Parents have wondered why it took so long to recognize the problem, when there had been complaints about Ms. Dufault.
In an interview, one parent recalled a French teacher who talked to students about his sex life. The school let him go after his first year of teaching there. But only one student complained; other students were reluctant to come forward.
“The mentality of the kids is bizarre,” said the parent, who did not want to be identified because of the sensitivity of the situation. “They didn’t want to get this guy in trouble.”
Students and parents said the same was true of Ms.

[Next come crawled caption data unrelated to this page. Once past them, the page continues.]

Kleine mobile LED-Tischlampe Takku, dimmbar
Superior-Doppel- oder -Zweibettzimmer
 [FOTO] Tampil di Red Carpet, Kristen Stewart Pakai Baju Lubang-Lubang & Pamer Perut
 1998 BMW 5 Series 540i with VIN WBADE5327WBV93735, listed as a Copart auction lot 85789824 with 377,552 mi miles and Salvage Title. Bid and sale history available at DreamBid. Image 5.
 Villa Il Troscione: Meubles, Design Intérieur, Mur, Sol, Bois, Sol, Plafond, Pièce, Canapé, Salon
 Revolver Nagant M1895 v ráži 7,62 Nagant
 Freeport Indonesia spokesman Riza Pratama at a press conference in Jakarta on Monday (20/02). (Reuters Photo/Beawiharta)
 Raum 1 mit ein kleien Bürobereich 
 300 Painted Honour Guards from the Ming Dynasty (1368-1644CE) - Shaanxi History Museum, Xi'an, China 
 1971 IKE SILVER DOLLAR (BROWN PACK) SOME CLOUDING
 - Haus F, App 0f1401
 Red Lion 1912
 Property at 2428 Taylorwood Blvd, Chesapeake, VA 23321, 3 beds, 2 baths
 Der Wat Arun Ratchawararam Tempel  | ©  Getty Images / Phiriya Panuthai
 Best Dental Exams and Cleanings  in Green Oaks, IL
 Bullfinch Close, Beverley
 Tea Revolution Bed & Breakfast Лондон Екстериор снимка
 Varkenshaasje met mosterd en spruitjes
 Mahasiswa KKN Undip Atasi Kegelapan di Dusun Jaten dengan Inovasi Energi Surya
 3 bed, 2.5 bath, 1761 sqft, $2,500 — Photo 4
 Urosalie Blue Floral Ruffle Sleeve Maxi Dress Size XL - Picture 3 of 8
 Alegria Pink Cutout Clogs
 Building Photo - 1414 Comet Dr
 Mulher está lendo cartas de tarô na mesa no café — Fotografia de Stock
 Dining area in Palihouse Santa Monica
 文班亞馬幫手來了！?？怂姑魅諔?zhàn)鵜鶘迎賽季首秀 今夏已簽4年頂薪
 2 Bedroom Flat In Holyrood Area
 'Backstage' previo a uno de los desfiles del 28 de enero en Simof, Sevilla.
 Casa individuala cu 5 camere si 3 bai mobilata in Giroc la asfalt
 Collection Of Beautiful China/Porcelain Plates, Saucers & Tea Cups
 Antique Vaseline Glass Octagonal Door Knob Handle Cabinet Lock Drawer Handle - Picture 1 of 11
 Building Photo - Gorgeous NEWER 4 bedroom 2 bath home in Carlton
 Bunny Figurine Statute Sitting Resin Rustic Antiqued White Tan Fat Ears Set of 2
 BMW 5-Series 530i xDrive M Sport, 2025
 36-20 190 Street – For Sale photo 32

Dufault and Sean M. Shaynak, the 44-year-old Brooklyn Technical High School teacher accused of pursuing seven girls, giving some of them alcohol and cigarettes, taking one to a nude beach and another to a sex club, sending them suggestive text messages and photos and having sex with two of them after they reached the legal age of consent. Both teachers were liked by students because their classes were easy and they acted more like friends than teachers.
Social media has blurred that boundary, particularly for younger teachers and high school students.
“They grew up with cellphones attached to their hands or the Internet that was less a tool and more a place where they lived and worked and conversed,” said Sonja H. Trainor, senior staff attorney for the National School Boards Association. “They didn’t really have the same understanding of divisions between private and work life.”
Schools have sought policies to make those boundaries clearer, she said, but not always successfully. A judge ruled the Missouri statute too broad, because it would have blocked teachers from sites like Facebook, Twitter and even Gmail. The state then repealed it. Last year, the Texas Court of Criminal Appeals ruled that a statute banning sexually explicit online communication between adults and minors violated the First Amendment.
The school boards group is pushing the Supreme Court to take an online-speech case, Ms. Trainor said. Until then, she said, “we’re still figuring out the appropriate lines.”